Registration No. 333-                

 

 

 

UNITED STATES

SECURITIES AND EXCHANGE COMMISSION

Washington, D.C. 20549

 

 

FORM S-8

REGISTRATION STATEMENT

UNDER

THE SECURITIES ACT OF 1933

 

 

CAESARS ENTERTAINMENT CORPORATION

(Exact name of registrant as specified in its charter)

 

 

 

Delaware   62-1411755

(State or Other Jurisdiction of

Incorporation or Organization)

 

(I.R.S. Employer

Identification Number)

 

 

One Caesars Palace Drive

Las Vegas, NV 89109

(702) 407-6000

(Address of Principal Executive Offices, Including Zip Code)

 

 

Caesars Entertainment Corporation Management Equity Incentive Plan

Caesars Entertainment Corporation 2012 Performance Incentive Plan

(Full title of the plan)

 

 

Michael D. Cohen, Esq.

Senior Vice President, Deputy General Counsel and Corporate Secretary

Caesars Entertainment Corporation

One Caesars Palace Drive

Las Vegas, NV 89109

(702) 407-6000

(Name, address, including zip code, and telephone number, including area code, of agent for service)

 

 

Copies to:

Monica K. Thurmond, Esq.

Paul, Weiss, Rifkind,

Wharton & Garrison LLP

1285 Avenue of the Americas

New York, NY 10019-6064

(212) 373-3000

 

 

Indicate by check mark whether the registrant is a large accelerated filer, an accelerated filer, a non-accelerated filer, or a smaller reporting company. See the definitions of “large accelerated filer,” “accelerated filer” and “smaller reporting company” in Rule 12b-2 of the Exchange Act.

 

Large accelerated filer   ¨    Accelerated filer   x
Non-accelerated filer   ¨ (Do not check if a smaller reporting company.)    Smaller reporting company   ¨

 

 

 

CALCULATION OF REGISTRATION FEE

 

 

Title of Securities
to Be Registered
  Amount
to Be Registered (1)
  Proposed Maximum
Offering Price Per
Share
  Proposed Maximum
Aggregate Offering
Price
  Amount of
Registration Fee

Common Stock, $0.01 par value

  7,267,937 (2)   $11.83 (2)     $85,979,695   $9,853

Common Stock, $0.01 par value

  8,181,531 (3)   $31.96 (3)   $261,481,731   $29,966

Common Stock, $0.01 par value

       63,266 (4)   $44.01 (4)       $2,784,337        $319

Total

              $40,138

 

 

(1) Pursuant to Rule 416 promulgated under the Securities Act of 1933, as amended (the “Securities Act”), this registration statement shall be deemed to cover any additional securities to be offered or issued from stock splits, stock dividends or similar transactions.
(2) Consists of shares of common stock of Caesars Entertainment Corporation (the “Common Stock”) underlying grants to be made under the Caesars Entertainment Corporation 2012 Performance Incentive Plan after the date hereof.
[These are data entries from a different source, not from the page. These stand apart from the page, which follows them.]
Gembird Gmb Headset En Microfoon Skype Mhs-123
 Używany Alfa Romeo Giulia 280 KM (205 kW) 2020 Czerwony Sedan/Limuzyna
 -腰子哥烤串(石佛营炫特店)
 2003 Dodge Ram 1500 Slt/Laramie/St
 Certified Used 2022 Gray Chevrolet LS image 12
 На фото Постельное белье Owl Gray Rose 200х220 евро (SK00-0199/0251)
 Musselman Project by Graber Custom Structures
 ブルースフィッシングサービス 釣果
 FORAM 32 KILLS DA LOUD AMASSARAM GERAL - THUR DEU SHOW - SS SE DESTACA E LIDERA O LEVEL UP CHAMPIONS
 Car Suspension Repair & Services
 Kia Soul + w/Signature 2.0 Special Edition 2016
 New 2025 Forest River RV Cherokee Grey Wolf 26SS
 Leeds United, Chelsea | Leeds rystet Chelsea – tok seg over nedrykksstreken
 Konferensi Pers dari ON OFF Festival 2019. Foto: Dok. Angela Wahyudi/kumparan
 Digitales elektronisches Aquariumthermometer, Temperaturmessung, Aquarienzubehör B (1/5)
Pursuant to Rule 457(h) under the Securities Act, the registration fee is calculated based on the average of the high and low prices per share of the Common Stock reported on the Nasdaq Global Select Market as of June 21, 2012.
(3) Consists of shares of Common Stock underlying outstanding options granted under the Caesars Entertainment Corporation Management Equity Incentive Plan prior to the date hereof. Pursuant to Rule 457(h) under the Securities Act, the registration fee is calculated based on the weighted average per-share exercise price.
(4) Consists of shares of Common Stock underlying outstanding warrants. Pursuant to Rule 457(h) under the Securities Act, the registration fee is calculated based on the weighted average per-share exercise price.

 

 

 


PART I

INFORMATION REQUIRED IN THE SECTION 10(a) PROSPECTUS

Item 1. Plan Information.

The document(s) containing the information specified in Part I of Form S-8 will be sent or given to participants in the Caesars Entertainment Corporation Management Equity Incentive Plan and the Caesars Entertainment Corporation 2012 Performance Plan as specified by Rule 428(b)(1) under the Securities Act. Such documents are not being filed with the Securities and Exchange Commission (the “Commission”) but constitute, along with the documents incorporated by reference into this Registration Statement, a prospectus that meets the requirements of Section 10(a) of the Securities Act.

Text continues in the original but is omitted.